Immer wieder sonntags…

Immer wieder sonntags…

Nein, nein – kein Schlager…

Mich beschäftigen immer mal wieder die Sonntage in Trauerzeiten… Wenn man nicht gerade zu den Menschen gehört, die am Wochenende arbeiten, hat man zwei Tage freie Zeit…

Am Samstag werden noch schnell die Wocheneinkäufe erledigt, das Kind hat mal ein Mannschaftsspiel, am Abend trifft man vielleicht Freundinnen… Herrliche Freizeit!

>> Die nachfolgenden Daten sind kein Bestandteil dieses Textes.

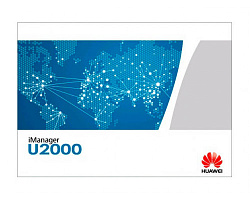 KVM Huawei iManager U2000 NKVMSWD03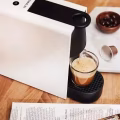 二手nespresso胶囊咖啡机95新 图片 3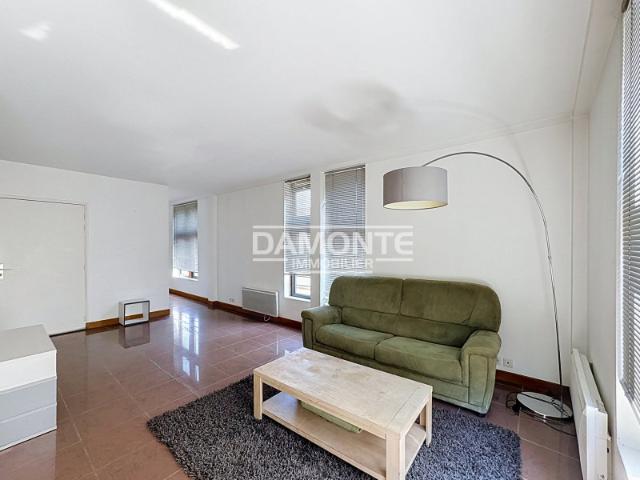 Appartement location à Troyes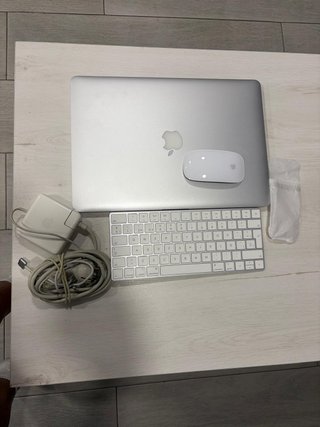 MacBook Pro 15 Retina A1398 i7 16GB 512GB SSD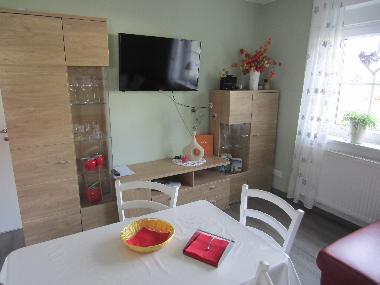 Holiday Apartment in Teuchern OT GRBITZ (Halle / Saale-Unstrut) or holiday homes and vacation rentals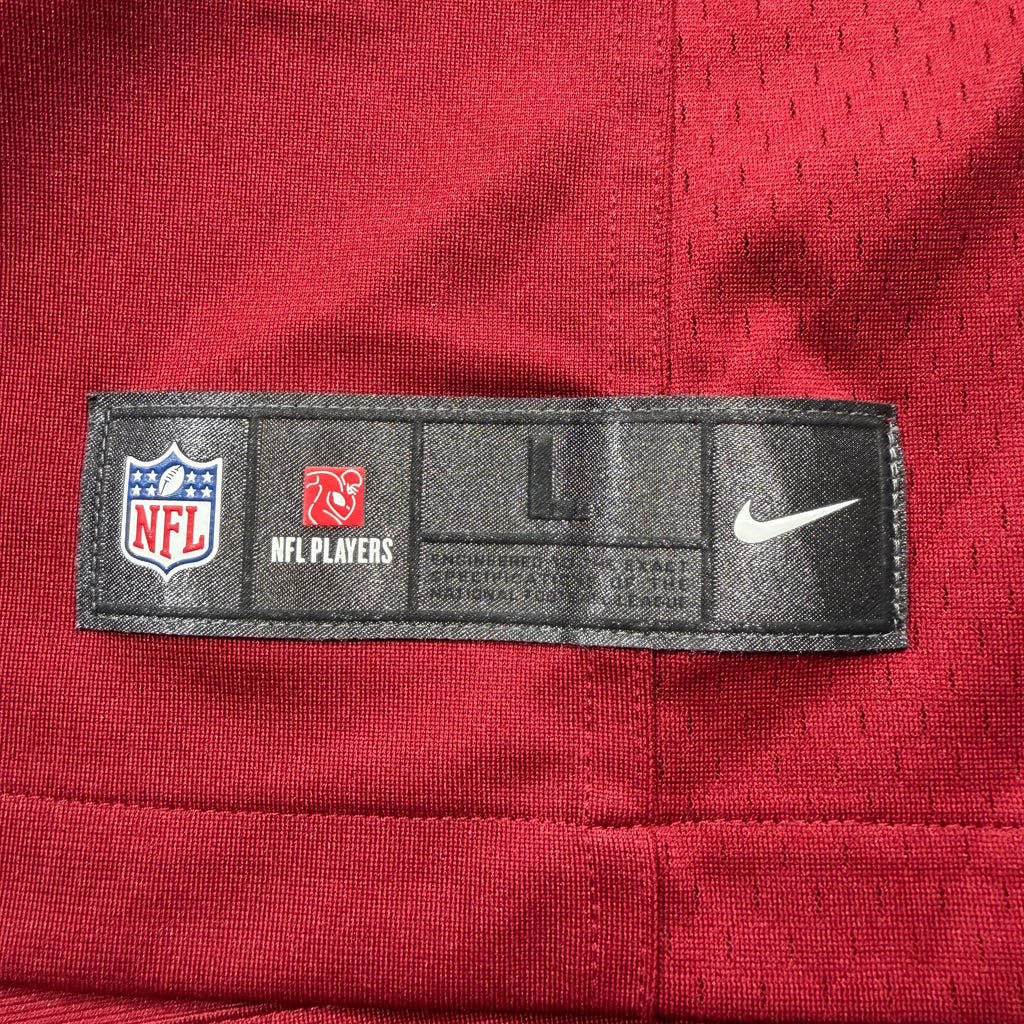 Robert Griffin III Washington Redskins Nike Limited NFL Jersey - Large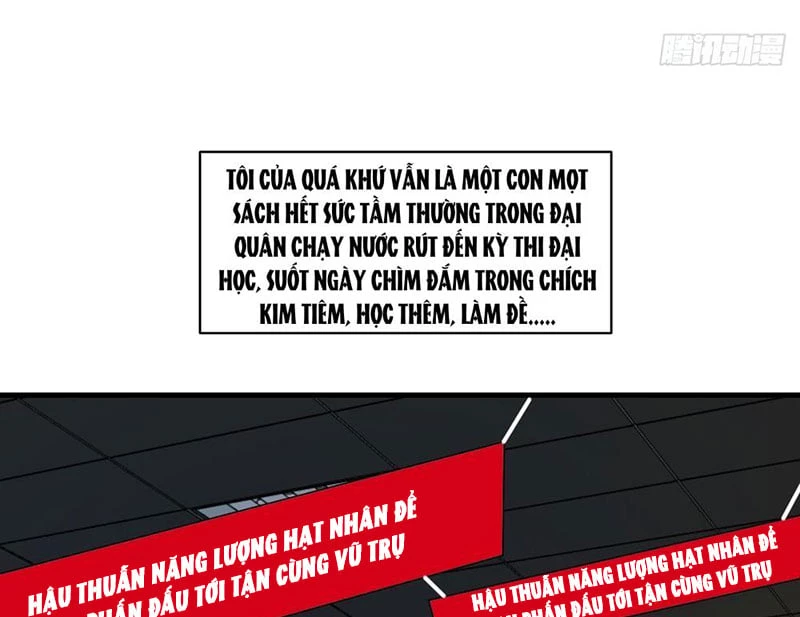 Tận Thế: Vừa Vô Địch Đã Bị Chặn Cửa Cầu Hôn Chapter 1 - Trang 20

Die Sonntage jedoch sind die Tage der Einsamkeit, oder? 24 Stunden freie Zeit, die es zu füllen gilt – 24 Stunden, die sich leer anfühlen können… Denn man bekommt schnell den Eindruck, dass niemand sonntags Zeit für dich hat – es ist der Tag der Familie… Mami, Papi, Kind und Kind machen einen Sonntagsausflug. Pärchen sitzen händchenhaltend im Café, schlendern Arm in Arm durch den Park… Traute Zweisamkeit, heile Familienwelt…
Und wenn dann jemand fehlt – oh, es schmerzt dann um ein Vielfaches mehr als an anderen Tagen, wenn man in diesen leeren Stunden jemanden vermisst…

Die gute Nachricht vorweg: das geht vorbei! Irgendwann kommt auch nach noch so tiefer Trauer der Punkt, wo man diese freie Zeit auch wieder genießen und sie zur Entspannung nutzen kann.

Durchhalten

Tja, aber bis das soweit ist, heißt es „aushalten“.

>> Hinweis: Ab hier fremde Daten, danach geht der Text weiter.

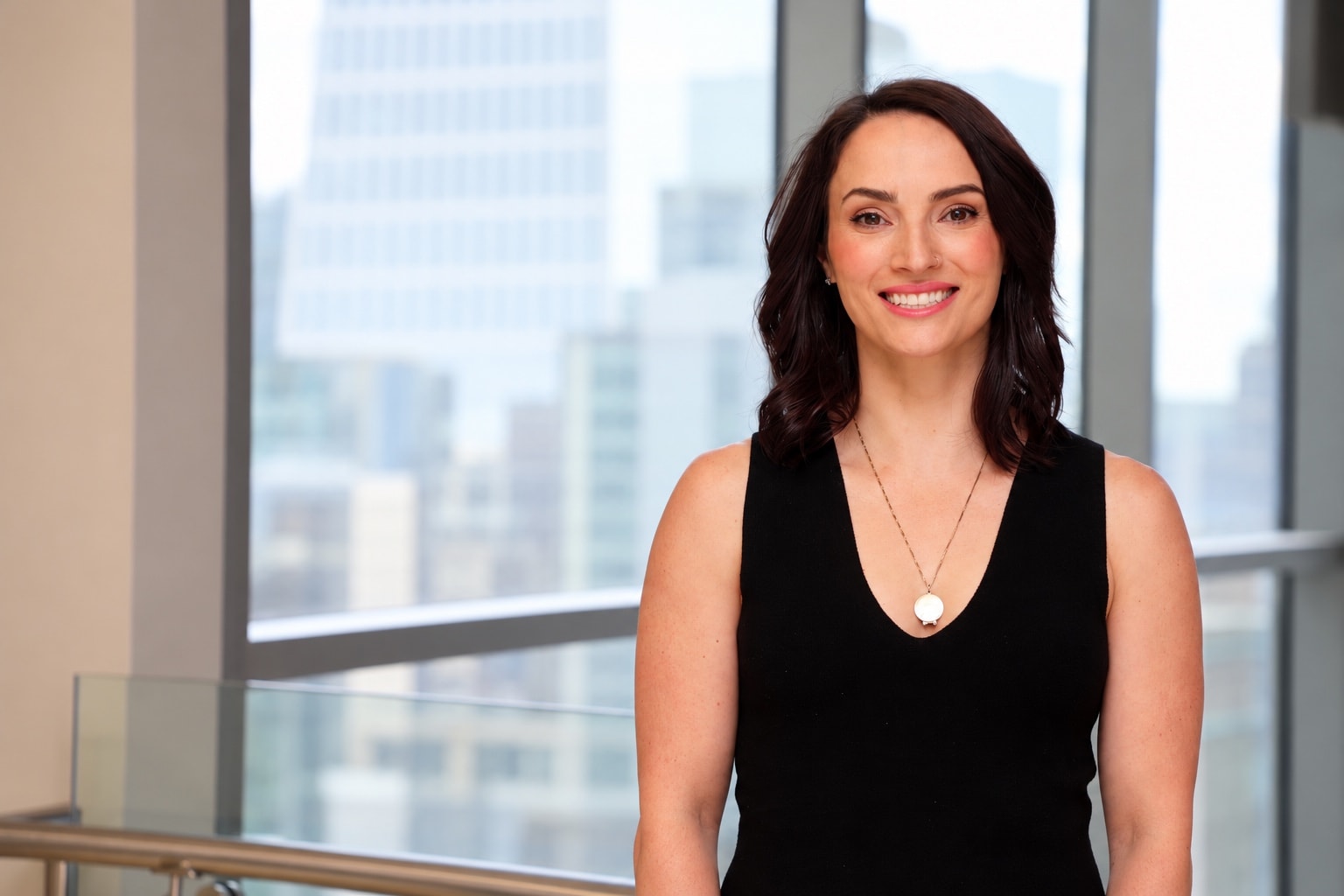 Dr. Katie Armstrong, MD, MSc, FRCSC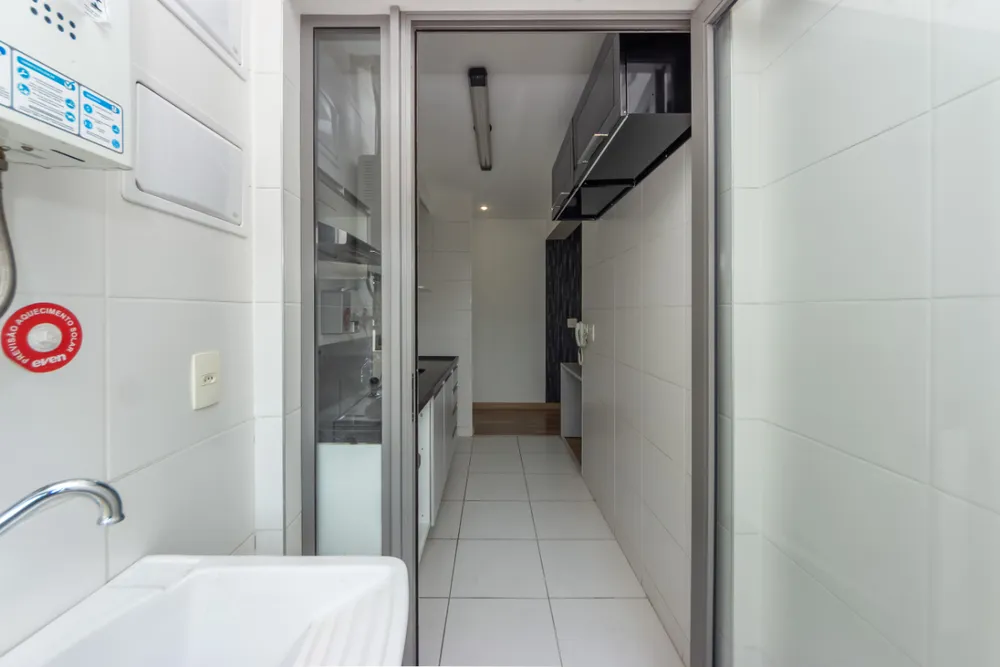 Apartamento, 1 quarto, 65 m² - Foto 7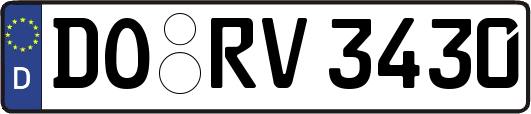 DO-RV3430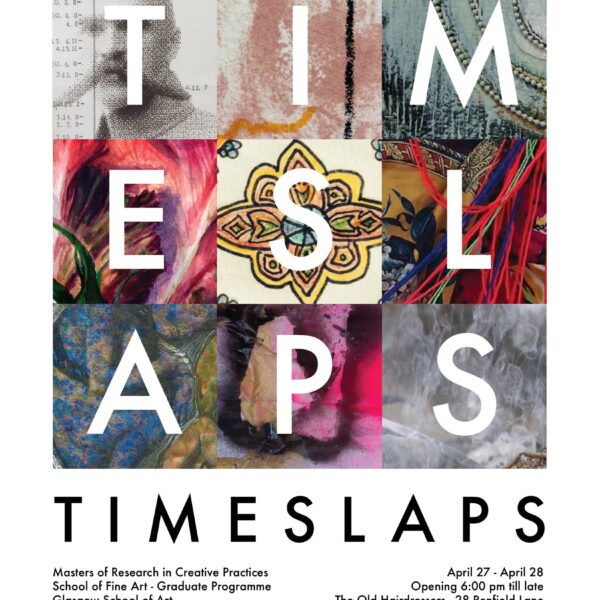 展覧会のお知らせ | TIMESLAPS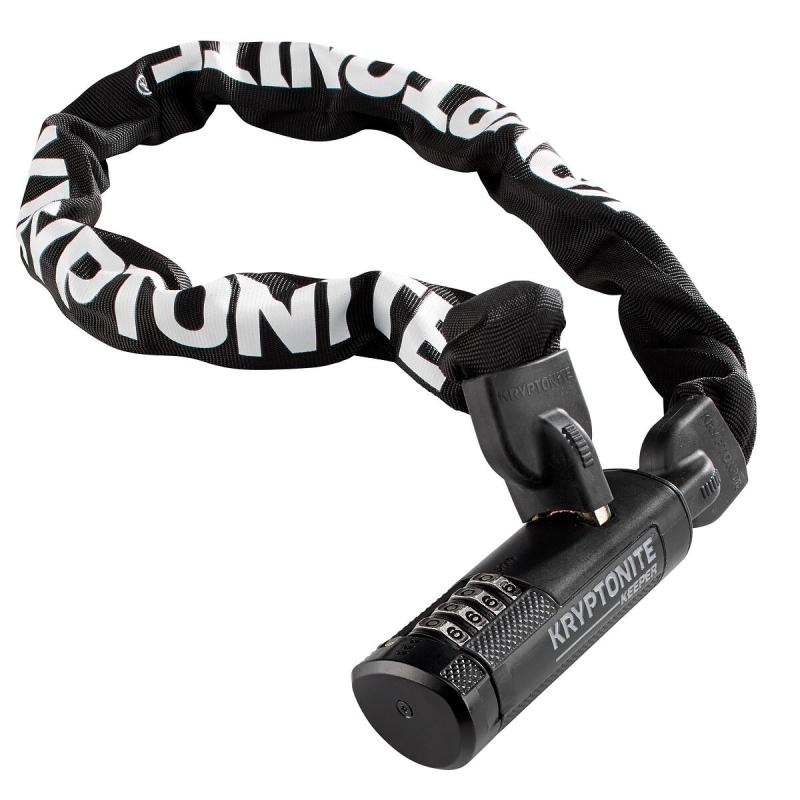 Kryptonite Keeper 790 Combination zámek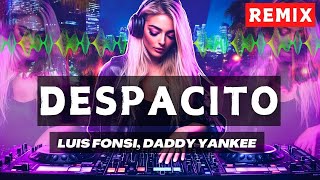 Luis Fonsi Daddy Yankee  Despacito Remix [upl. by Noble]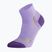 Icebreaker women's trekking socks Hike+ Light Mini purple gaze/magic/hyper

Es kann helfen, wenn du dich deinem Umfeld mitteilst. Erzähle den anderen davon, wie schwer es ist, die Sonntage zu überstehen. Wenn man noch nie in solch einer Situation war, kann man sich das vermutlich nur schwer vorstellen und kommt gar nicht von alleine darauf…

Mir hat es geholfen, mich gezielt für die Sonntag zu verabreden. Eine liebe Freundin zum Sonntagsspaziergang abholen und raus ans Meer… Kaffeetrinken und gute Gespräche… Mit dem Kind ins Kino…

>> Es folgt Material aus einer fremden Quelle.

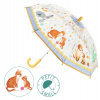 Mamy a mláďatá: dáždnik (68 cm priemer) Mamy a mláďatá: dáždnik (68 cm priemer)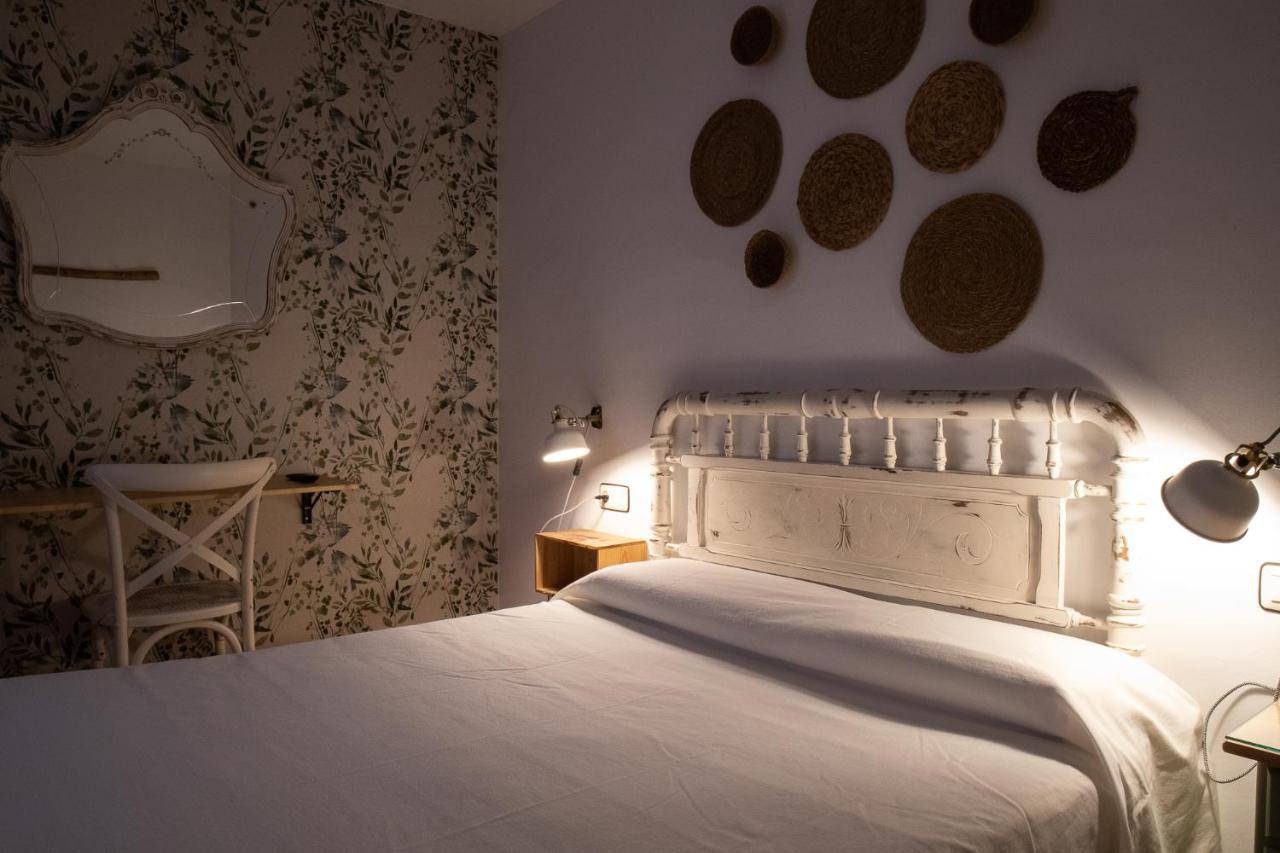 Hostal El Pozo تشيلالا المظهر الخارجي الصورة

Darüber hinaus habe ich darauf geachtet, zu tun, was mir gut tut, was die Akkus auflädt… Und das dann dort tun, wo es weniger Begegnungen mit anderen Menschen gibt, bzw. wo das nicht so wichtig scheint:
Im Garten werkeln, ein Puzzle machen, ein Bad nehmen, Schwimmen gehen, in die Sauna, Joggen, Yoga,… Meist hilft es, den Körper zu bewegen – probier‘ aus, was für dich der beste Weg ist…

Was mir auch hilft ist, meinen Blickwinkel zu prüfen: sehe ich wirklich nur glückliche Menschen?

Vielleicht kennst du das aus anderen Situationen: bist du schwanger, siehst du nur noch Kinderwagen um dich herum (*autsch*, wenn du gerade ein Kind verloren hast…..). Ist dein Mann gestorben, suchst du sein Gesicht in allen Gesichtern, denen du begegnest… Bist du traurig, scheinen alle um dich herum glücklich zu sein… Vielleicht hinken die Beispiele ein wenig – aber du weißt, was ich meine, oder?
Konzentrierst du dich aber auf Details in deinem Umfeld, nimmst du auch andere Menschen wahr. Die allein marschierende Frau, die grimmig vor sich hinschaut. Der Vater, der ein heulendes, brüllendes Kind hinter sich herzieht…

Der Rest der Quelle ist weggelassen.